The world could be in for a devastating increase of some eight degrees Fahrenheit by 2100, resulting in drastically higher seas, disappearing coastlines and more severe droughts, floods and other destructive weather, according to climate scientists
Climate scientists agree that the Earth will be hotter by the end of the century, but their simulations don’t agree on how much, the Washington Post reported.
Now, a study suggests the gloomier predictions may be closer to the mark
“Warming is likely to be on the high side of the projections,” John Fasullo of the National Center for Atmospheric Research in Boulder, Colorado, a co-author of the report, which was based on satellite measurements of the atmosphere, said
That means the world could be in for a devastating increase of about eight degrees Fahrenheit by 2100, resulting in drastically higher seas, disappearing coastlines and more severe droughts, floods and other destructive weather
Such an increase would substantially overshoot, what the world’s leaders have identified as the threshold for triggering catastrophic consequences.
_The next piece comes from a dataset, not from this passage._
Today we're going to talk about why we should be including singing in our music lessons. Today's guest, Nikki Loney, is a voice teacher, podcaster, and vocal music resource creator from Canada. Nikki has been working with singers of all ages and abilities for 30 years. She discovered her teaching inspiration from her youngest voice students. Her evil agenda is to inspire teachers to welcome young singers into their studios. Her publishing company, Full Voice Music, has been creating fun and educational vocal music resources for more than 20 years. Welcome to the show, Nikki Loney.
In 2009, heads of state agreed to try to limit warming to 3.6 degrees, and many countries want a tighter limit
Climate scientists around the world use supercomputers to simulate the Earth’s atmosphere and oceans. Sophisticated programs attempt to predict how climate will change as society continues burning coal, oil and gas, the main sources of heat-trapping gases such as carbon dioxide
But these simulations spit out a wide range of warming estimates. All foresee an overheated planet in 2100, but some predict just three degrees of warming while others estimate eight or more degrees of extra heat
“This problem has been around for 30 years,” Fasullo said.
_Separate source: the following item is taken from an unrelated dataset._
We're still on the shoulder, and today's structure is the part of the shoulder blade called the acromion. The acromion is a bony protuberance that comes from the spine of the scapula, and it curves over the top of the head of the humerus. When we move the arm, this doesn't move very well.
“As long as climate models have existed, there’s been this spread in projections of the future,” he added.
One source of uncertainty involves the impact of cloud cover, especially clouds that form in the tropical and subtropical regions between about 30 degrees north and south of the equator
“Tropical clouds are so important to climate,” Fasullo said.
“Small changes in clouds near the equator have a big effect on where you end up” for temperature predictions, he said
As sunlight pours onto the tropics, clouds bounce some of that heat back into space. Fewer clouds open up the atmosphere “like an iris,” Fasullo said, allowing more heat to beam onto Earth’s surface.